The only thing missing from this miniature cinema set is life, for no living creature is in sight. It's this eerie, one could say strident, absence of life in a very lived-in complex that stokes unease. But no hasty exodus is suggested. No flight after bomb blasts. Nor a hasty retreat before marauders. What's indicated is a systematic and wholesale evacuation. Perhaps government-dictated and devised. Which means this isn't about a new mall, a fancy high-rise or even a new airport: the juggernaut of a haywire development that increasingly gobbles up farmland and settlements of the urban poor. Hence, darker thoughts follow from the title, Lazaretto. Is this site chosen for nuclear tests - as the Micronesian Island chain was - for which locals have forcibly been shifted, sacrificing home and hearth, however dilapidated? Or has some environmental disaster or pestilence doomed the air, water and soil of this place, scaring off even birds and strays? The artist opens with a gripping prologue but remains tantalizingly reticent, offering no easy answers to the dystopian fabulation around what is but mere architecture.
But then architecture can hardly remain inert, antiseptic and anonymous as it acquires a persona bloating into myths through location, look and living that carry defining parameters: of class and community; education and struggle - or the lack of it - sometimes prompting facile judgments about safety and health. It's this resonance around buildings that the artist's keen antennae are tuned to. Perhaps because in no other phase in the life of the Republic have architectural structures been so fraught with emotive issues of identity.

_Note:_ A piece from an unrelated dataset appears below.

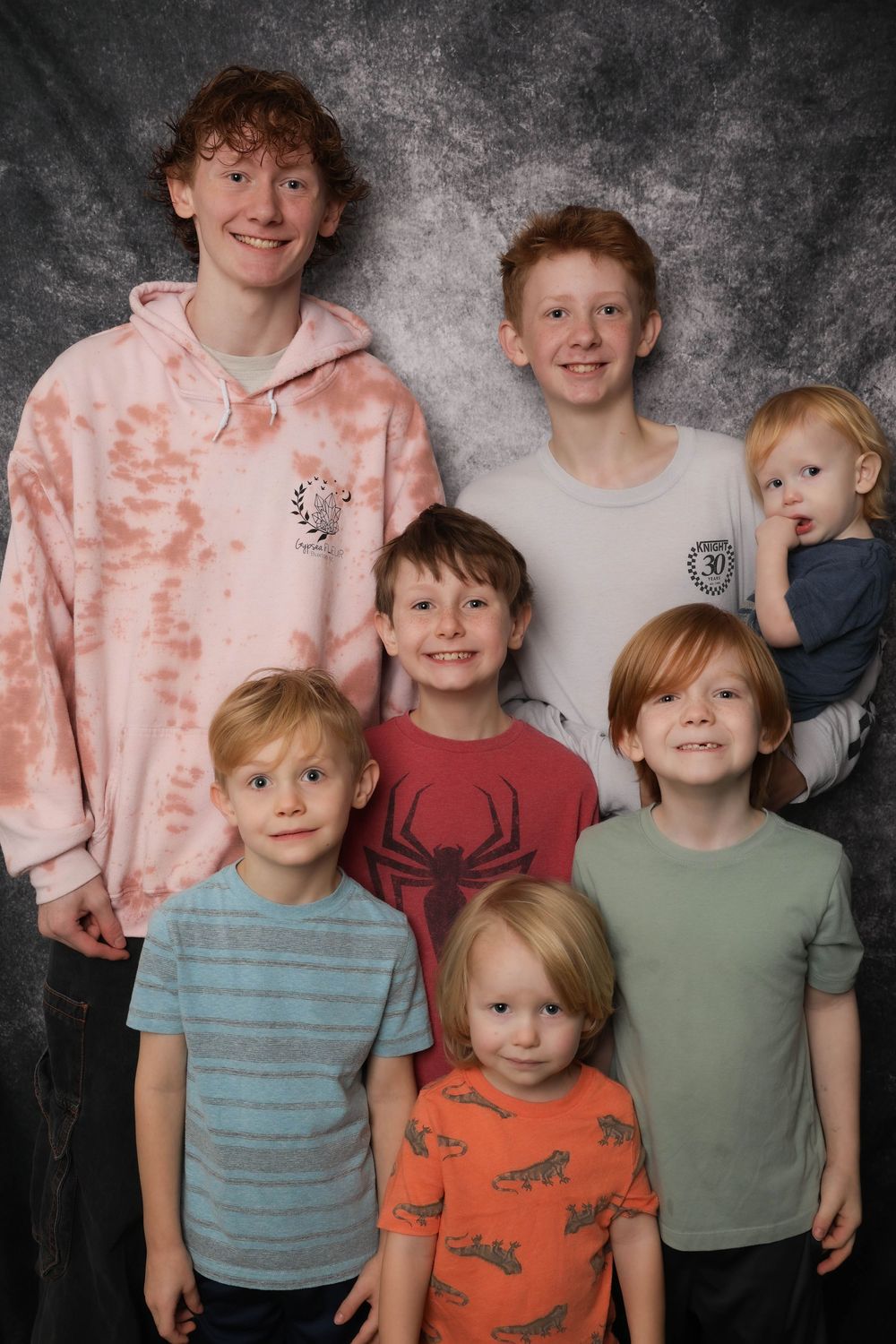 Group photo of siblings wearing casual clothing against grey backdrop.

Another work, Ground Zero: Workspace, investigates with scientific distancing, the effect of a bomb - obviously low-intensity - on a room said to be his studio. The blast itself has been filmed and the damaged structure meticulously reconstructed with many kinds of material into a miniature theatre set of picturesque chaos. This, too, harks back to history: to Operation Doorstep, for example, carried out in 1953 near sites of nuclear tests in Nevada. Naik's intention, in this case, is spelt out in a parenthesis where he wryly labels the artist a suspect/bomber. Such subversive acts, taking place everywhere, are viewed as a phenomenon that goes beyond blinkered conclusions and panic prescriptions.

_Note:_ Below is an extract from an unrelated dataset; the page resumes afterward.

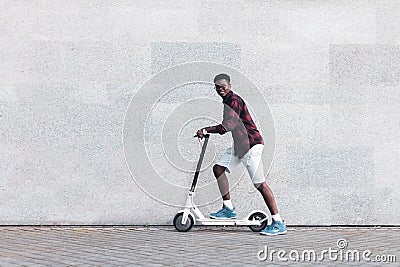 Afro american guy rides an electric scooter against the background of a wall, student uses eco transport Stock Photo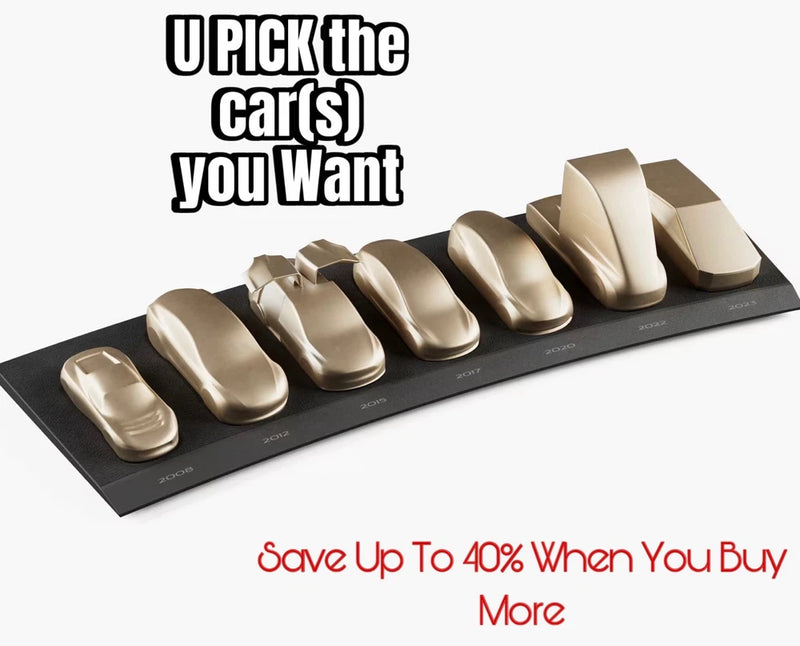 Set of metallic car model badges on a black display base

When he constructs a miniature home - a kitchen, a dining room and a sitting room - in three works titled Portraits of Home, with one wall in each case ripped off, he forces you out of your comfort cocoon and into war zones and earthquakes, not to mention buildings that collapse due to other reasons. The space within the four walls of a home is invested with sanctity; with the promise of permanence. But the artist plays malevolent god and throws the rooms into violent disorder. Their intimate, idiosyncratic little signs of daily living are strewn everywhere, imbued with a mocking irony. Delusions of control make you forget the fine print: that life is a hostage to chance.